Outcomes in these two groups were comparable as well. During the entire follow-up, SR was obtained by 16 patients (34.0%) in the very elderly group and 25 patients (39.1%) in the cohort aged 65–74 years (p = 0.69), with similar median SR durations of 23.0 (IQR, 13.3–60.5) and 27.1 months (IQR, 17.0–42.9), respectively (p = 0.65). Likewise, the SR rates at both 3 and 6 months were similar. Moreover, no difference in MF-related symptom alleviation rate at 6 months was evidenced (p = 0.25).
Dose reduction rates at 3 and 6 months were comparable between age groups; however, a significantly greater proportion of very elderly patients reduced their RUX dose between the third and sixth months compared to those aged 65–74 (34.0% vs. 10.9%; p = 0.004). Nevertheless, RUX doses remained comparable at both time points (Supplementary Table S2), and RR6 stratification showed no difference (p = 0.27).

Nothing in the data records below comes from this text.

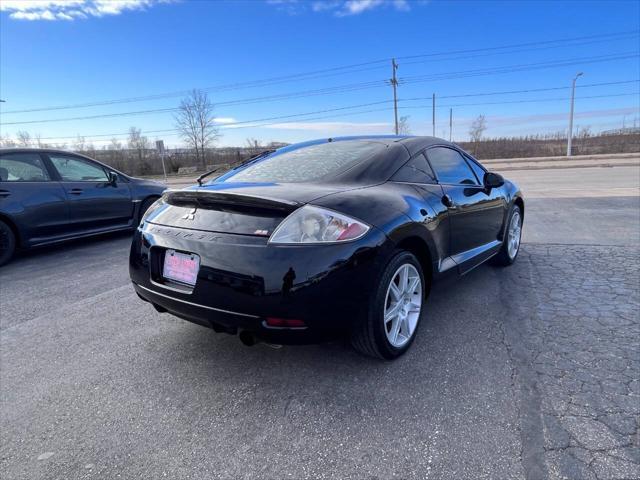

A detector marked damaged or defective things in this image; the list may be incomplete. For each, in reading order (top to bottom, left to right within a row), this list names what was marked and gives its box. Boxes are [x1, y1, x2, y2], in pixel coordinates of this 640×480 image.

cracked pavement [1, 167, 640, 478] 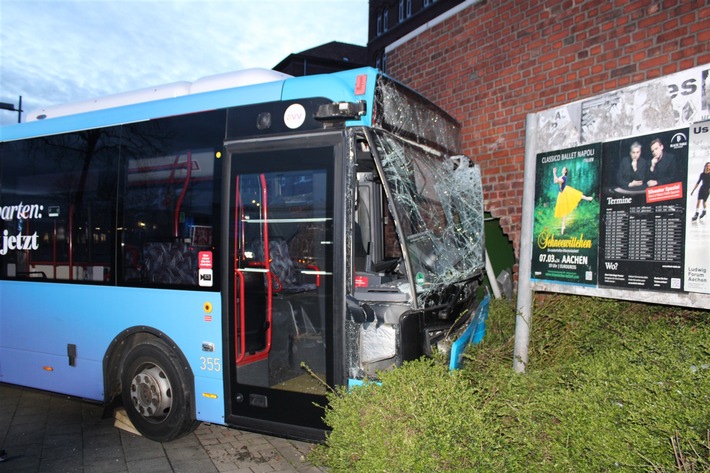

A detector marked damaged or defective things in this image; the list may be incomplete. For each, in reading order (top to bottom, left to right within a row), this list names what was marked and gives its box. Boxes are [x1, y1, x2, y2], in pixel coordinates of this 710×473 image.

damaged bus cabin [0, 67, 486, 442]
shattered windshield [370, 130, 486, 292] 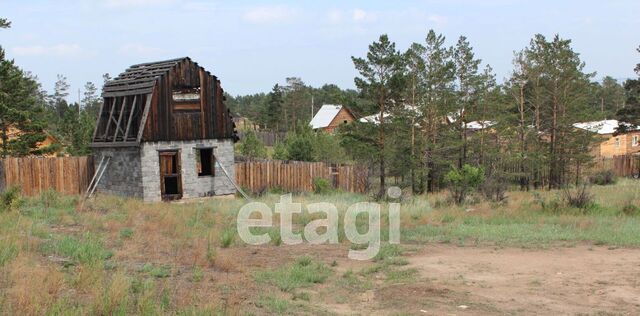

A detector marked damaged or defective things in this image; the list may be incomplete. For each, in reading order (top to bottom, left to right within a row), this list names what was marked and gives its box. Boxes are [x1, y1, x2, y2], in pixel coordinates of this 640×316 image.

burnt wooden house [90, 57, 238, 201] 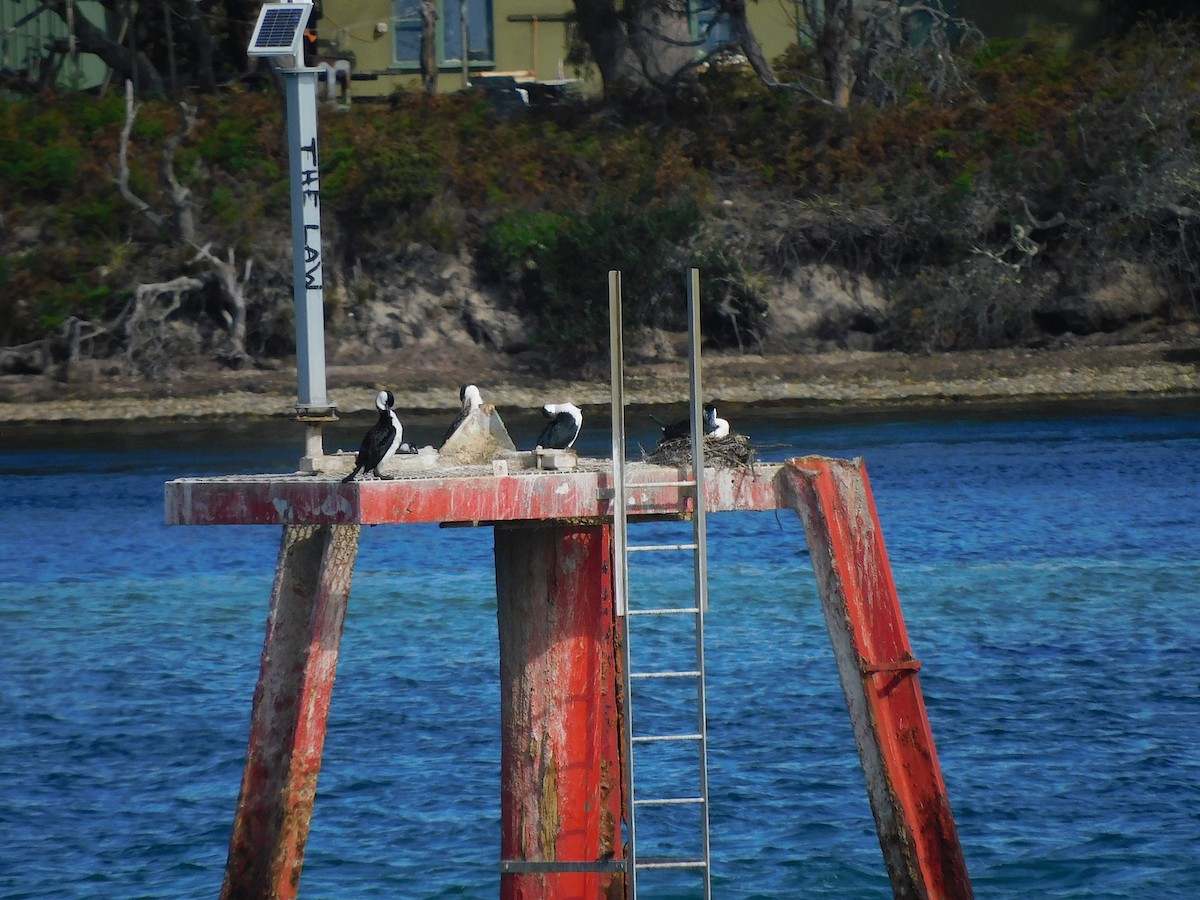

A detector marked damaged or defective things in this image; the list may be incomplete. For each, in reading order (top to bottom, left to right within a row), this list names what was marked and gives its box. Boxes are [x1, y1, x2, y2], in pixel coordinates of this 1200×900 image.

Very elderly patients had a median RUX treatment duration of 57.5 months (95% CI, 45.6–69.4), compared to 44.3 months (95% CI, 34.9–53.8) in the 65–74 cohort, with no significant difference (Figure 3A; p = 0.22). Likewise, after a median follow-up of 60.8 months (IQR, 33.3–78.0), the median OS was 50.3 months (95% CI, 34.7–66.0) in the very elderly group and 55.3 months (95% CI, 43.7–66.9) in the 65–74 cohort, with no significant difference (Figure 3B; p = 0.86).
The incidence rates of drug-related anemia and thrombocytopenia at 3 and 6 months were similar, but more patients in the very elderly group acquired new RBC transfusion dependency at 6 months than those aged 65–74 years [41.2% (14/34) vs. 20.0% (10/50); p = 0.049] (Supplementary Table S3). Moreover, the reported cases of an infectious event grade ≥ 2 were higher in patients ≥ 75 years (9 cases—19.2%) than in patients aged 65–74 years (2 cases—3.1%) (p = 0.008).
4. Discussion
Since its approval for clinical use, RUX has been broadly adopted for the treatment of MF, with disease incidence increasing with age, thus making it essential to assess RUX-associated outcomes and AEs across different age cohorts. In this study, efficacy and safety data regarding RUX treatment across three age-defined cohorts treated at our center were discussed.
The results showed that RUX determined overall favorable therapeutic outcomes across all age cohorts, with SR rates comparable to those reported in pivotal registration trials [9,10,11,12] and confirmed by other real-world studies [26].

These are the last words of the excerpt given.